- Born: August 8, 1909 Colorado Springs, Colorado, US
- Died: May 28, 1963 (aged 53) Dallas, Texas, US
- Resting place: Oakwood Cemetery
- Occupations: Rancher, polo player
- Spouse: several
- Children: Albert Buckman Wharton III
- Parent(s): Electra Waggoner Albert Buckman Wharton
- Relatives: William Thomas Waggoner (maternal grandfather) Daniel Waggoner (maternal great-grandfather)

= Albert Buckman Wharton Jr. =

American rancher and polo player

Albert Buckman Wharton Jr. (a.k.a. Buster Wharton) (August 8, 1909 – May 28, 1963) was an American rancher and polo player.

==Early life==
Albert Buckman Wharton Jr. was born on August 8, 1909, in Colorado Springs, Colorado. His mother, Electra Waggoner, was a socialite and heiress to the Waggoner Ranch. His father, Albert Buckman Wharton, was a horsebreeder and a member of the Wharton family from Philadelphia. His parents met while they were traveling separately in the Himalayas. His maternal grandfather was William Thomas Waggoner and his maternal great-grandfather was Daniel Waggoner.

==Polo==
Wharton became a polo player. He built polo fields on the Waggoner Ranch. It was known as El Ranchito Polo Club and ran polo tournaments. He played alongside polo champion Cecil Smith at the ranch.

==Personal life==
Wharton was married several times.
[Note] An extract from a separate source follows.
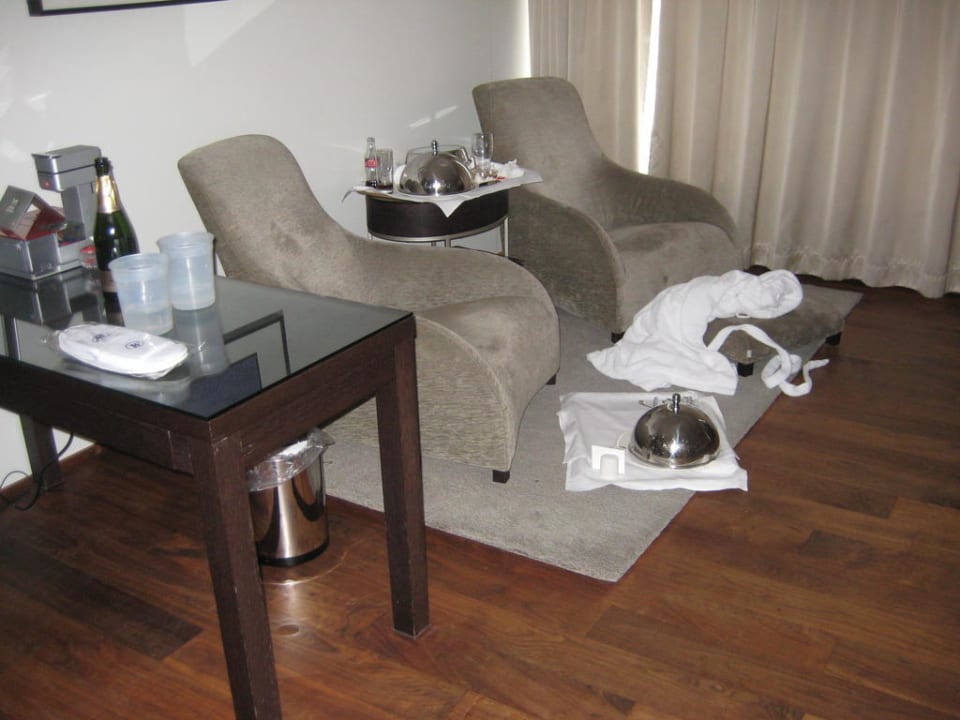 Mir angebotenes benutztes Zimmer beim Checkin Hilton Reykjavik Nordica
His last wife was Lula Waggoner.

==Death==
He died of cirrhosis of the liver on May 28, 1963, in Dallas, Texas. He was buried at the Oakwood Cemetery in Fort Worth, Texas. He left his estate to his last wife. However, his son's mother sued her for four years, until the estate finally went to his son, who inherited it in 1970.